I'm not the OP, but I sympathize. The specific details covered in a "classical" compilers course are heavy weight and not super-relevant right now. These days you don't have to understand LR parsing or touch a parser-generator, you don't have to worry about register coloring... etc. Courses still use the Dragon Book which is older than I am and covers a bunch of stuff only relevant to writing compilers for C on resource-constrained systems.
Instead, I figure a course should cover basics of DSL design, types and type inference, working with ASTs, some static analysis and a few other things. That has some overlap with a traditional compilers course, but a pretty different focus.
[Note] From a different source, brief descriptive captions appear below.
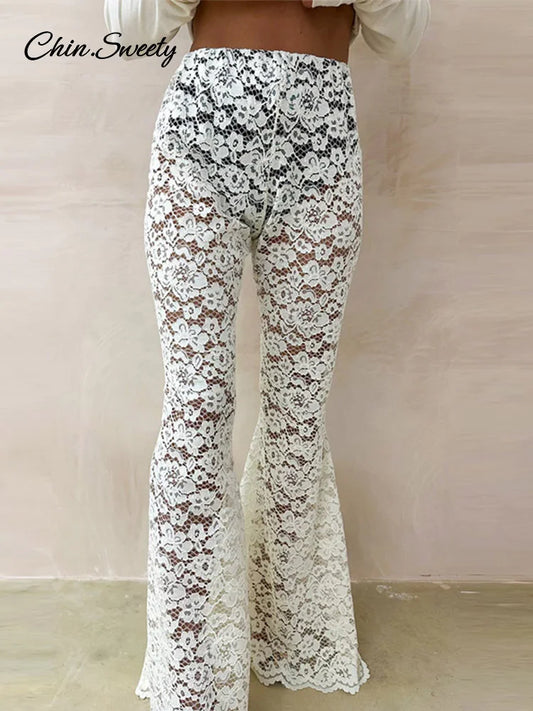 Sexy Lace Sheer Flare Pant Women Hollow Out Lady Vacation Long Trousers Female 2025 Spring Elastic High Waist Streetwear New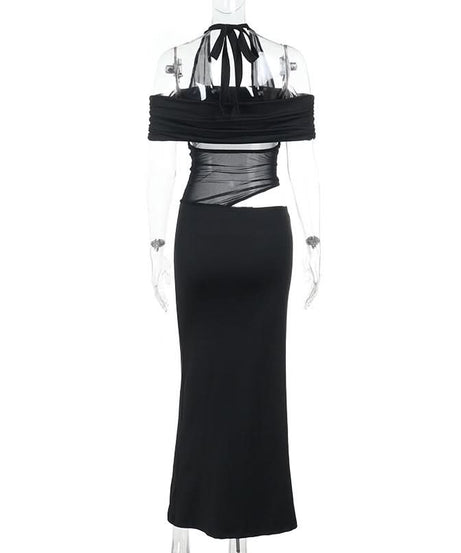 Glamorous Black Halter Off-Shoulder Cutout Maxi Dress | Fall & Holiday Event Ready
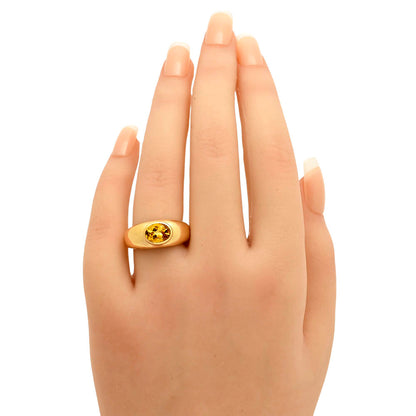 18K Gold Over Brass Oval Gemstone Signet Ring – Bold Statement Style TGR1027 RM-1758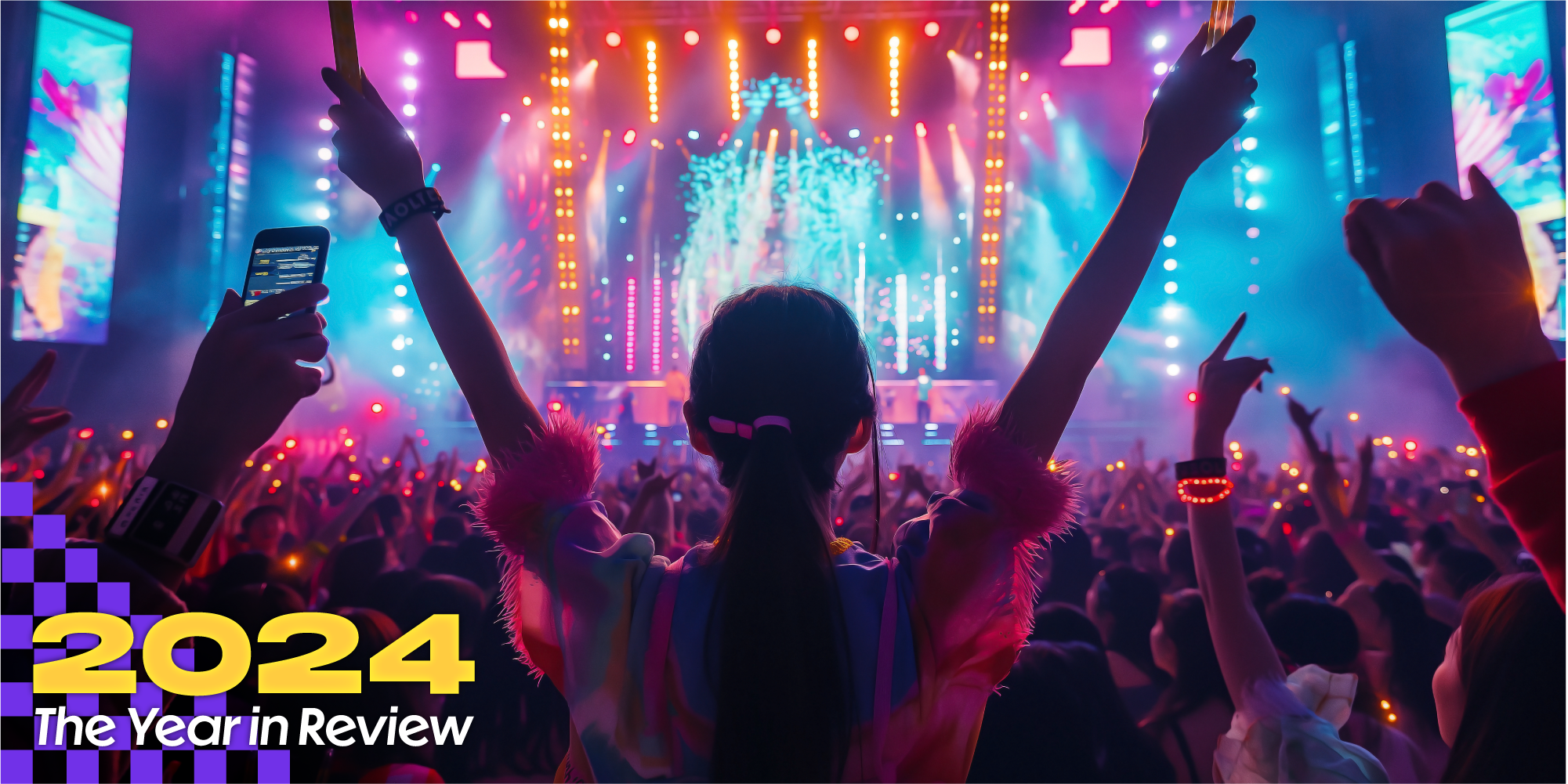 In a packed stadium a fan raises their arms in excitement. Text over says, "2024, The Year in Review."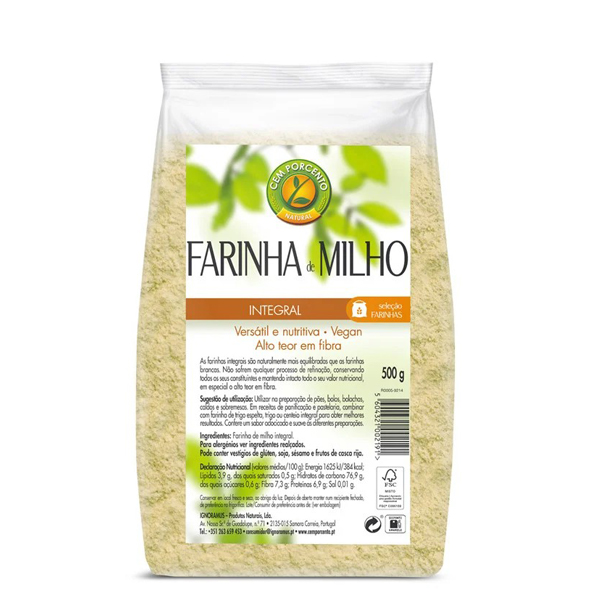 Farinha Milho Integral Cem Porcento 500g Farinha Milho Integral Cem Porcento 500g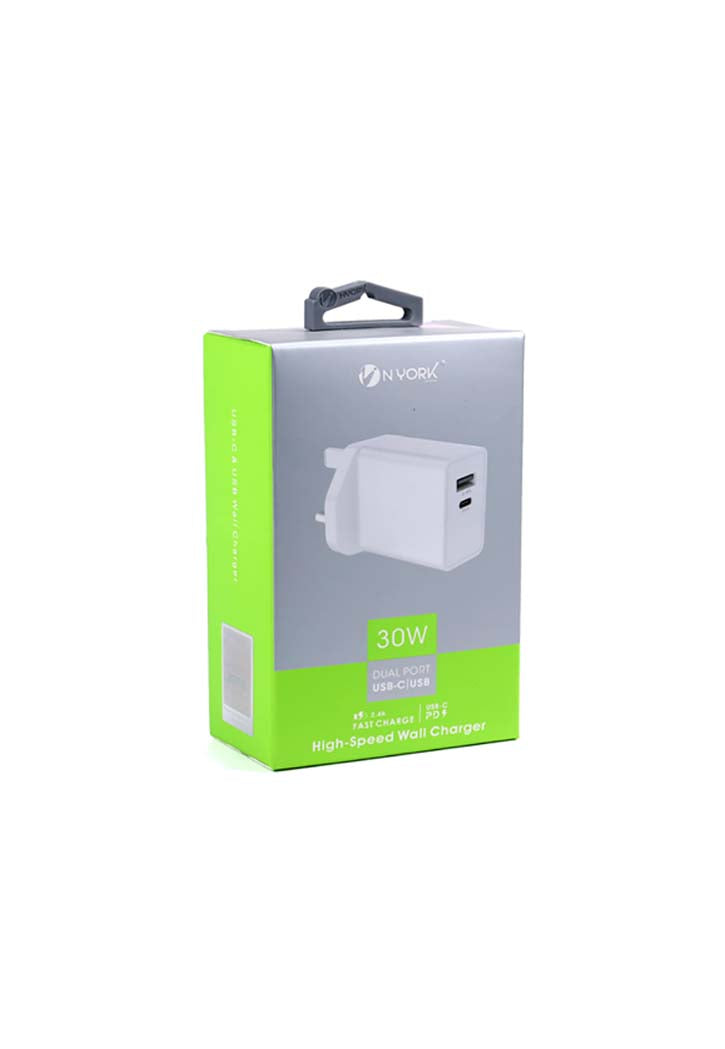 NYORK - Wall Carger Adapter Dual Port Usb-c/Usb 30W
Not really. TAPL is a very useful book, but it won't teach you how to write a compiler, unless the only part of a compiler you actually care about is the type checker. The interpreters it describes (in the chapters titled “An ML implementation of <whatever>”) are ridiculously inefficient.
A good amount of new toy-ish languages compile to another language (typically javascript), and introduce new semantics and new type rules. As parent said, small DSLs.
You don't really need more than a typechecker and ast tranformations for that.
Finally, TAPL's type checkers are pretty good. They aren't designed for efficiency, though. They're designed to closely follow the book's contents: http://www.cis.upenn.edu/~bcpierce/tapl/checkers/
I mostly agree with you; however, SSA seems like overkill up until the point where your code becomes a tangled cyclomatic mess because of the lack of it (example[1]). I'd definitely include SSA in a modern course on compilers.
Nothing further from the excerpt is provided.